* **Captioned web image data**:
*** Block opens ***

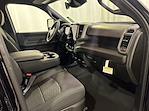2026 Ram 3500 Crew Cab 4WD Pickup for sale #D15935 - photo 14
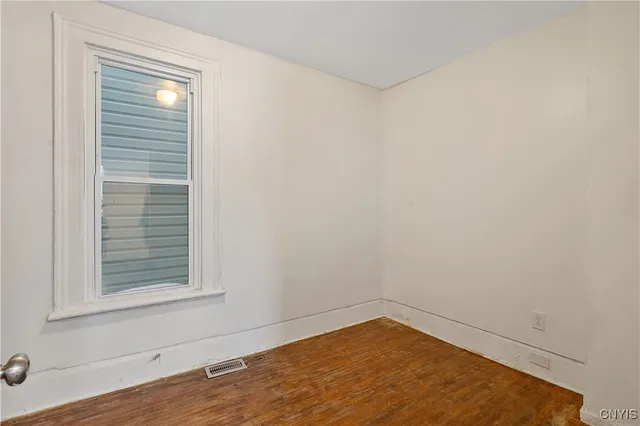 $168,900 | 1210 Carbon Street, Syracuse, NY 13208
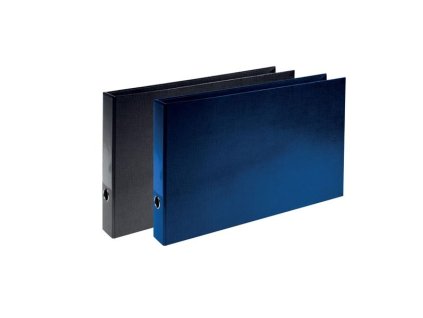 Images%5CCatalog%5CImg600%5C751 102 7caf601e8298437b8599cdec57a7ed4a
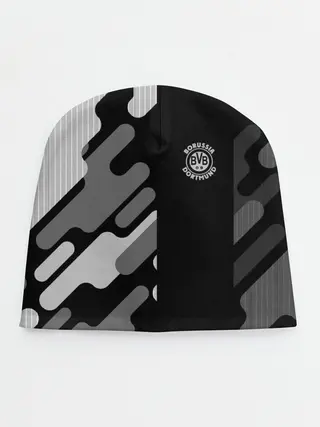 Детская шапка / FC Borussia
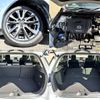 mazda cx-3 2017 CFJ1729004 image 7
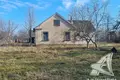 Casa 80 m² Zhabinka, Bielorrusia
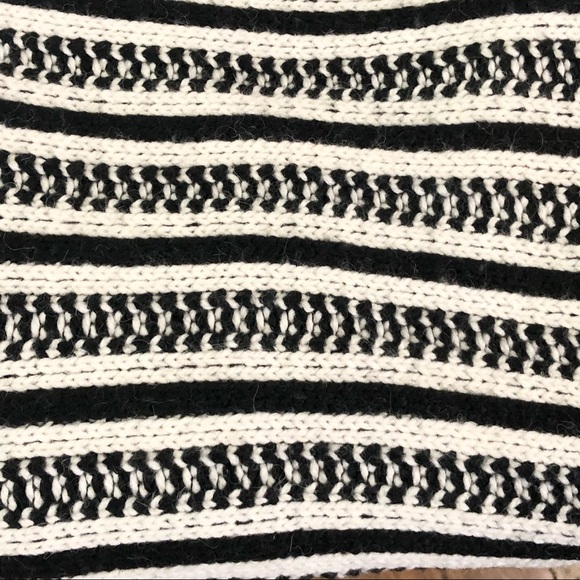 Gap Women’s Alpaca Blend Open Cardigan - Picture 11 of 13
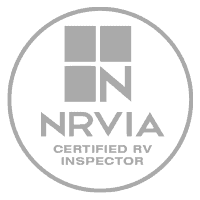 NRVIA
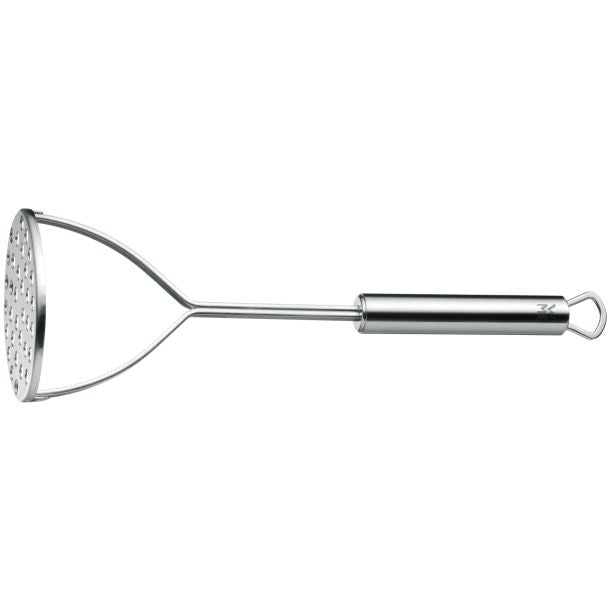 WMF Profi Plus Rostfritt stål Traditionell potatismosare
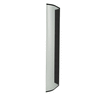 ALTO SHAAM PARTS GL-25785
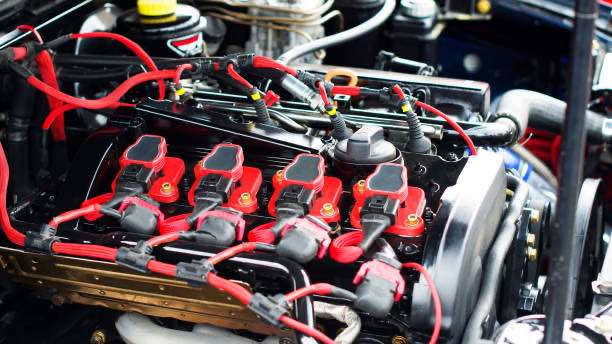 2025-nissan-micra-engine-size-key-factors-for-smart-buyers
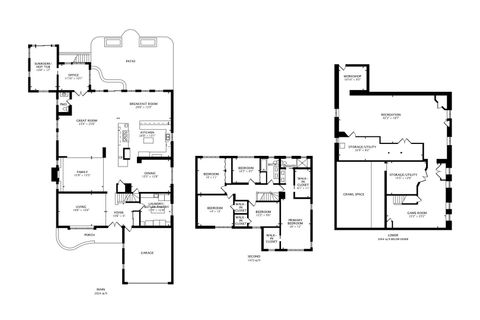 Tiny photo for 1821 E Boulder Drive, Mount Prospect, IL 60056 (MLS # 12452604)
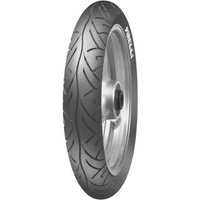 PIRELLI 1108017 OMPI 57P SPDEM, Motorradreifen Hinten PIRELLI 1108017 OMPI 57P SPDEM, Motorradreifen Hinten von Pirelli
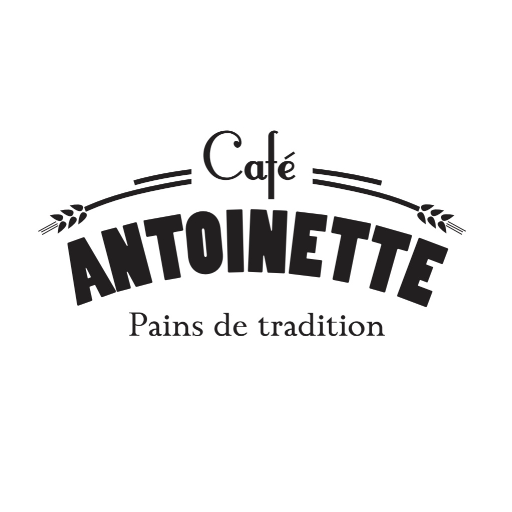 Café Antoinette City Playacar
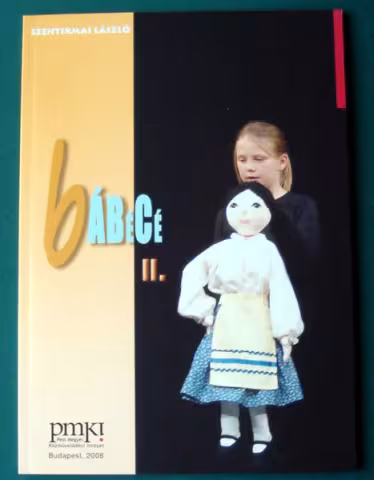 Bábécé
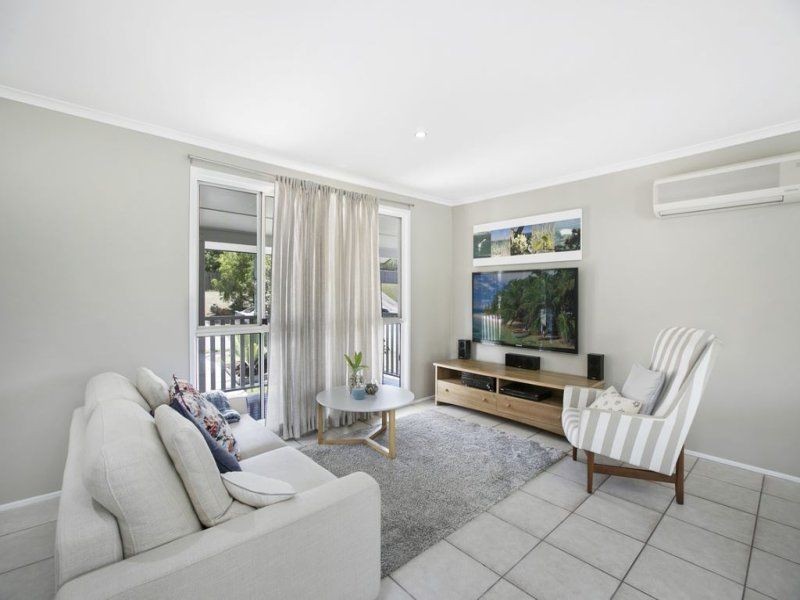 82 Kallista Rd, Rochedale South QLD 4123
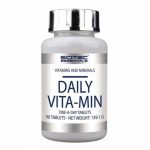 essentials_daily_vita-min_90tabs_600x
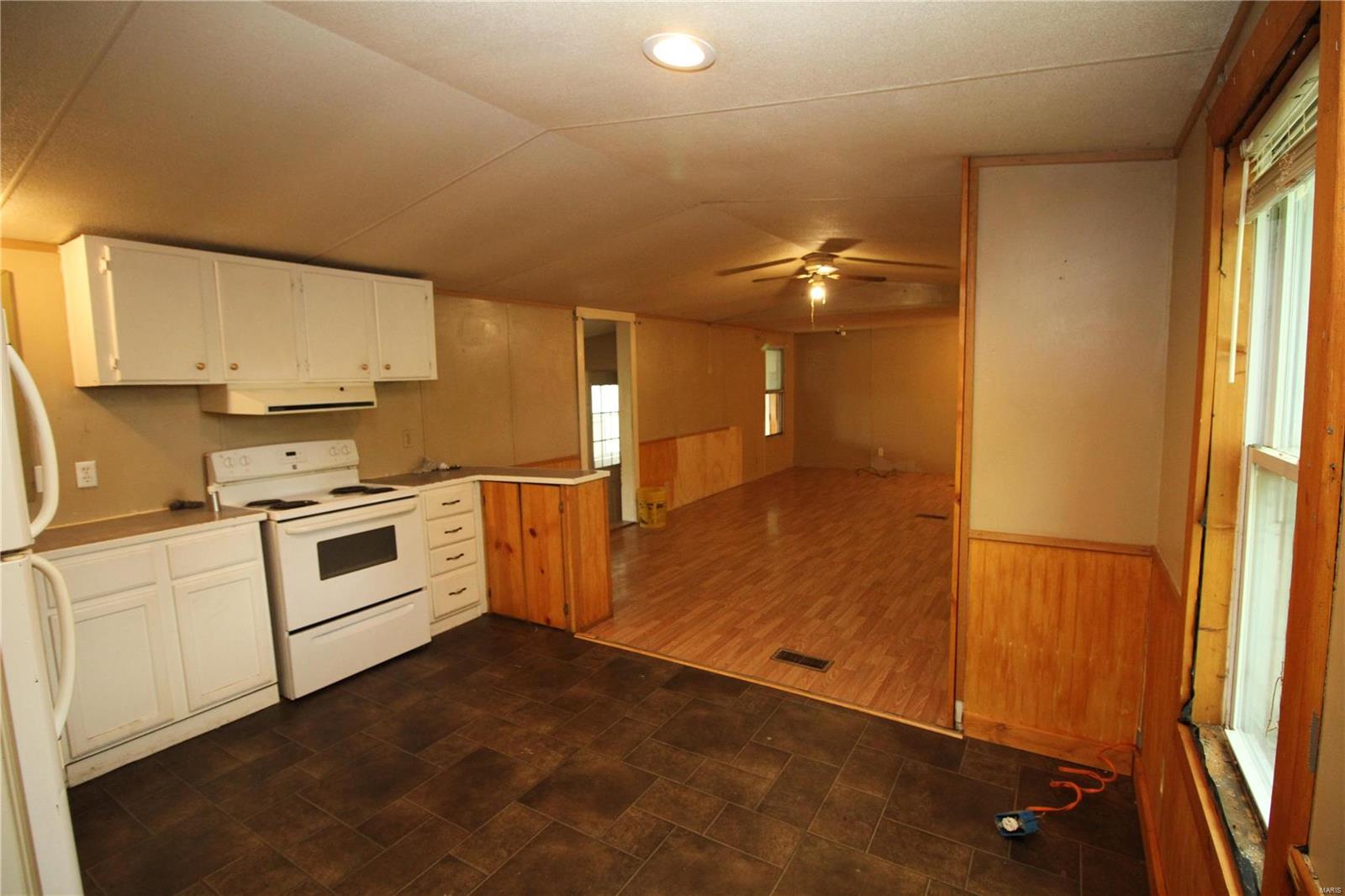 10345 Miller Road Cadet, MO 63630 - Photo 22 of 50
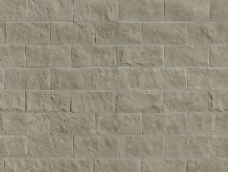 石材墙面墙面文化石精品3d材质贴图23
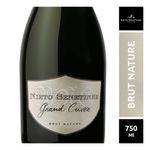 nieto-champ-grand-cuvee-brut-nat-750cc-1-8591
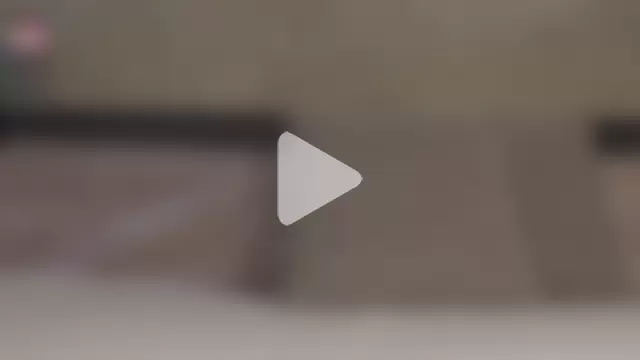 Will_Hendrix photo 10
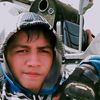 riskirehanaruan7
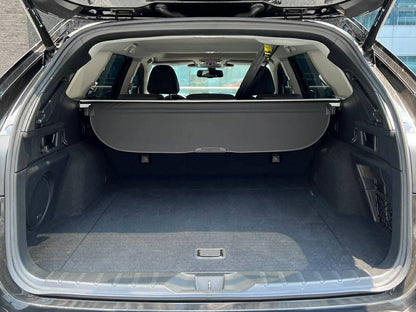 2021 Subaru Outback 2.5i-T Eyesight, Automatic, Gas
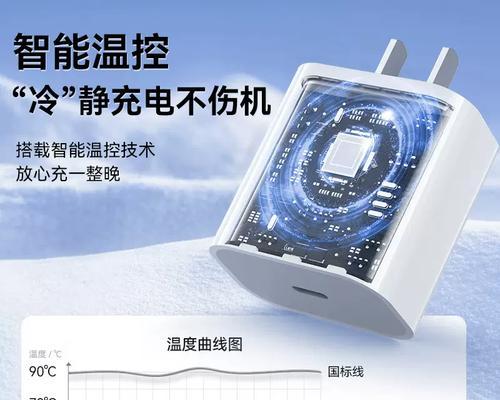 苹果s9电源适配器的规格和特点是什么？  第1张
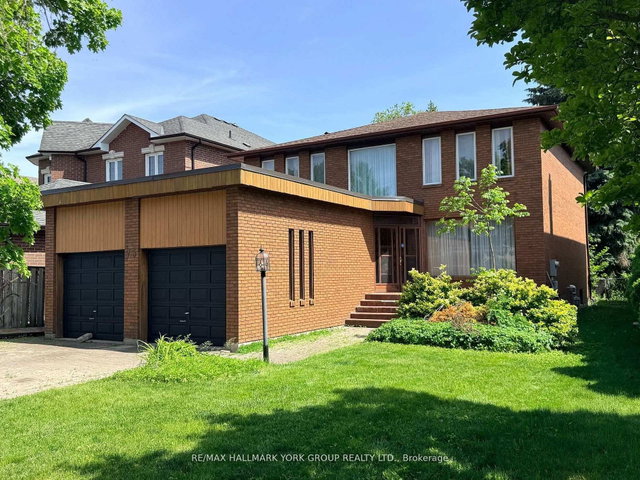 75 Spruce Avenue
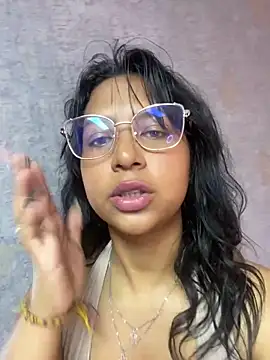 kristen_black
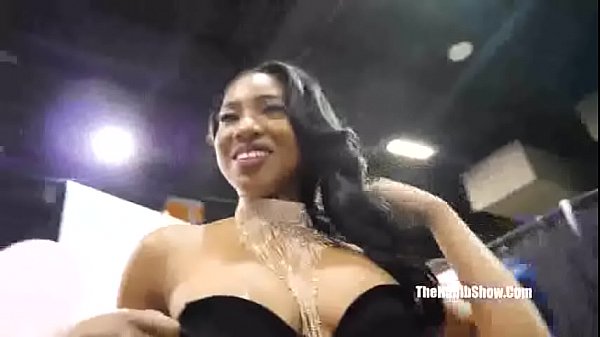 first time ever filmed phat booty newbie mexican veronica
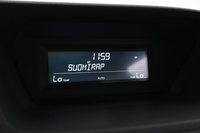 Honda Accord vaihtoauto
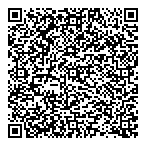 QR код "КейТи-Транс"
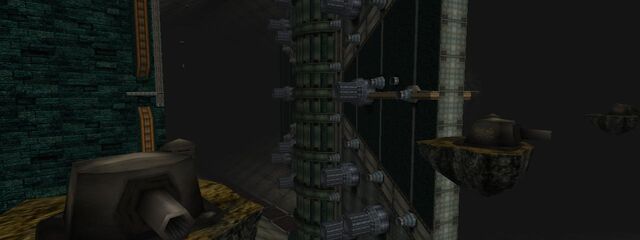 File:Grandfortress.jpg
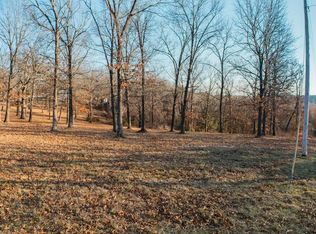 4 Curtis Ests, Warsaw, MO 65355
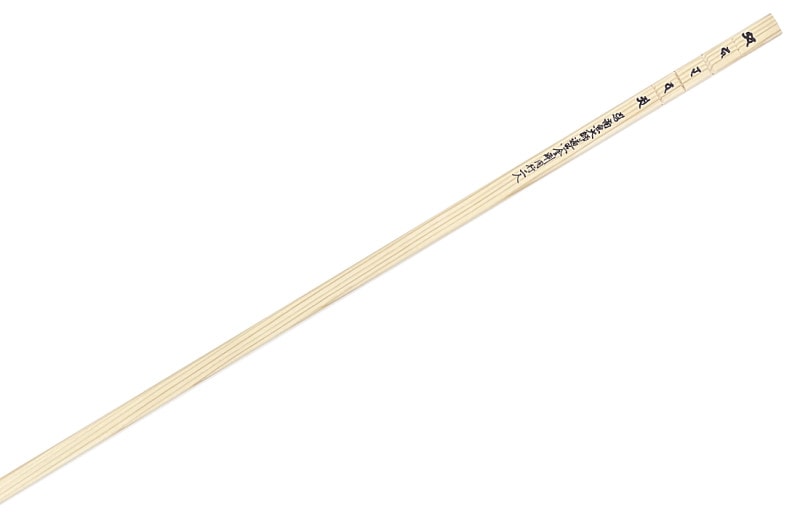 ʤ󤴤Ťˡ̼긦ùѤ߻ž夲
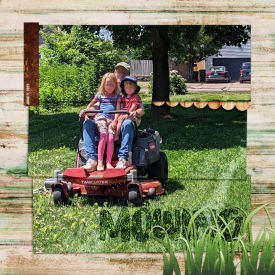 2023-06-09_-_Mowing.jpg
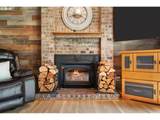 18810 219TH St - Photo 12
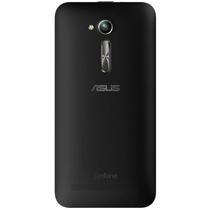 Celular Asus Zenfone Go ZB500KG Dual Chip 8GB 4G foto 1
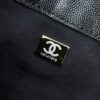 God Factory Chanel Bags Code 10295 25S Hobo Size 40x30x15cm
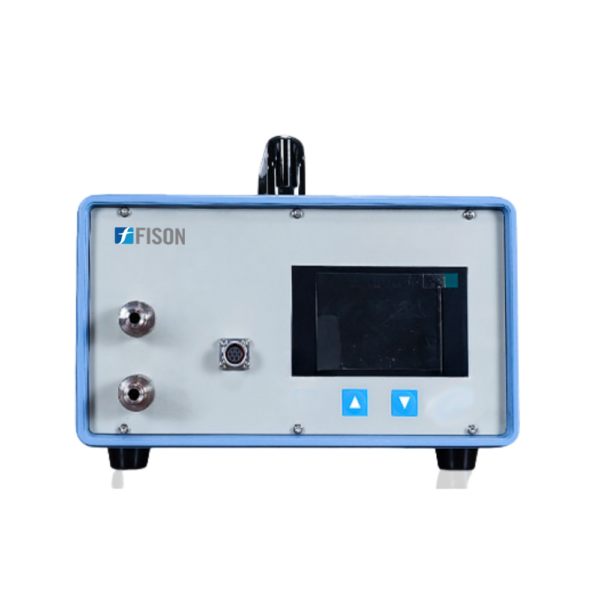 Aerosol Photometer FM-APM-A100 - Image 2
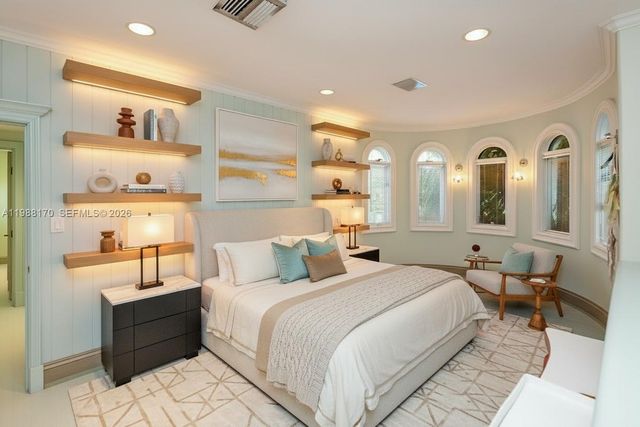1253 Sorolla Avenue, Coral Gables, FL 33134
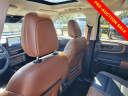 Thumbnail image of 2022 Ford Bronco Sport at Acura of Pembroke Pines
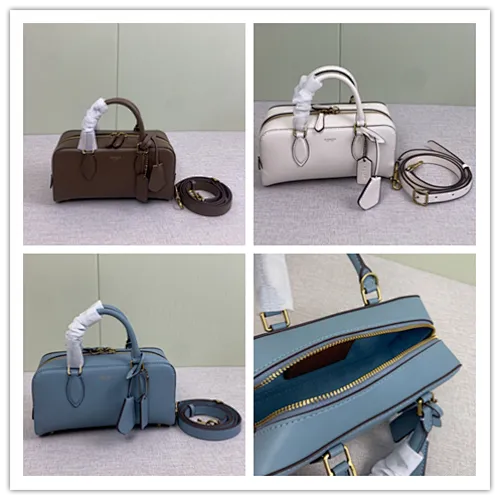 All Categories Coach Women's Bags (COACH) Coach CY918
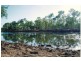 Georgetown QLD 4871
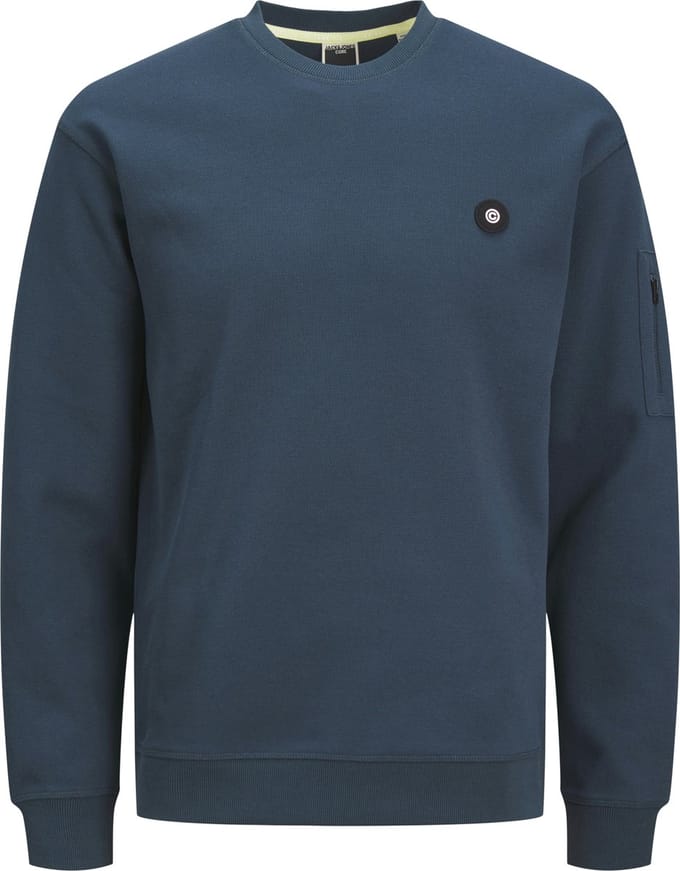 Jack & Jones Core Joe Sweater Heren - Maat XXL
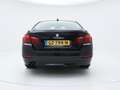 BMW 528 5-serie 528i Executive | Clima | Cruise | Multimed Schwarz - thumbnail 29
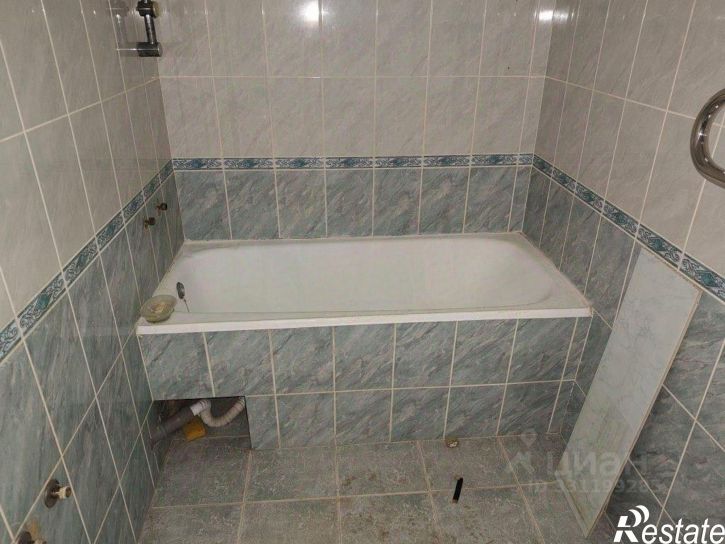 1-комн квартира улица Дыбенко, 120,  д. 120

*** Block closes ***

* **ABOUT THIS TASK**: The lines to copy begin at the one containing "All Categories Coach" and end at the last line of the records. Set down exactly those lines and no others, both ends included, and omit all pictures.

* **SOLUTION TO THIS TASK**:
 All Categories Coach Women's Bags (COACH) Coach CY918
 Georgetown QLD 4871
 Jack & Jones Core Joe Sweater Heren - Maat XXL
 BMW 528 5-serie 528i Executive | Clima | Cruise | Multimed Schwarz - thumbnail 29
 1-комн квартира улица Дыбенко, 120,  д. 120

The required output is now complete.